Edit: Interestingly, looking back at the comment thread for that post, I see this comment, where someone responds to a skeptic by saying that he picked up Django and got a job using it from 10 weeks of self-study.
I am about to graduate from DBC; also grateful. I have an M.S. in Information Science & Technology (and my first 3 semesters were in Computer Science). Dev Bootcamp taught me more about programming--and more importantly, how to work with other programmers--than grad school did in two years.
So here's my throwdown: Is DevBootcamp really effective or is there a participant bias? Would DevBootcamp's employment percentage be just as high when applied to the general population that would take CCE; unemployed, unskilled?
Disclaimer: I was involved in CCE with two colleges for about 7 years and frankly I see the whole thing as a scam. I would love to see that industry get shaken up.
Disclaimer: I'm the founder of Dev Bootcamp Chicago.
Tough to argue at this point that there isn't participant bias. Time will tell, particularly as we increase the number of participants in 2013. I've spent a significant amount of time at several different programs like Dev Bootcamp and found it to be the most effective program out there. It is truly immersive with students spending 80-100+ hours/week in the trenches with over 40 hours/week of structured learning. More thoughts at: http://nuts.redsquirrel.com/post/37111323801/of-feet-doors-a...
Good luck!
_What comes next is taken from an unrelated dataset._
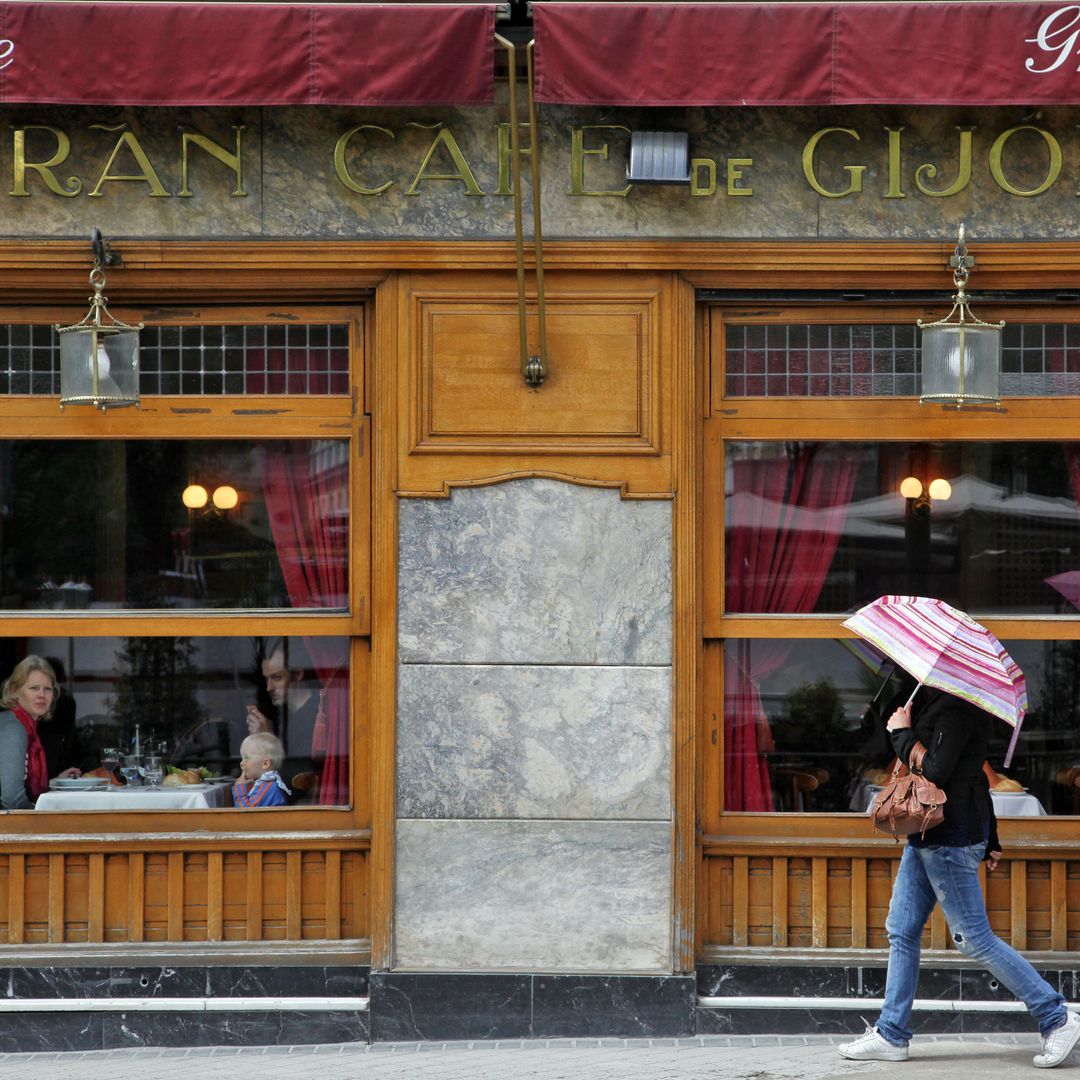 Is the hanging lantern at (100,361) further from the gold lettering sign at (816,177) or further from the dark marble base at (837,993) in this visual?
the dark marble base at (837,993)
Honestly I think you'll have to make a choice between a high success rate or a large number of people trained.
To use an example, think of no-kill-shelters vs pounds. No Kill shelters can boast a high success rate and a low return rate because they only handle a fraction of the animals a pound handles. Not only that but the no-kill selects animals they believe will be likely to be placed and leaves animals that are not good candidates.
Someone has to be a pound, willing to take in any animal off the street and give it a chance, while at the same time admitting that it just does not have enough space for every animal and that tough decisions will be a result.
Someone else has to be a nokill shelter, willing to select those that seem the brightest and invest to give them the most opportunity available while leaving the others.
I guess that's somewhat similar, but it still costs $5k. I was thinking more of a group that gets together and codes for a few weeks, and somehow finds a mentor to help them when they're stuck.
$50k for a bootcamp probably* beats the ROI for a similar stint at a for-profit college. Those colleges are able to finesse government-backed loans for their students though.
Just over a year ago I posted this: http://news.ycombinator.com/item?id=3267133
And this community's response is what convinced me to ditch my startup and start devbootcamp.
I only know very few of you people in person, but I'm sincerely grateful for the impact you've had on my life. Thank you!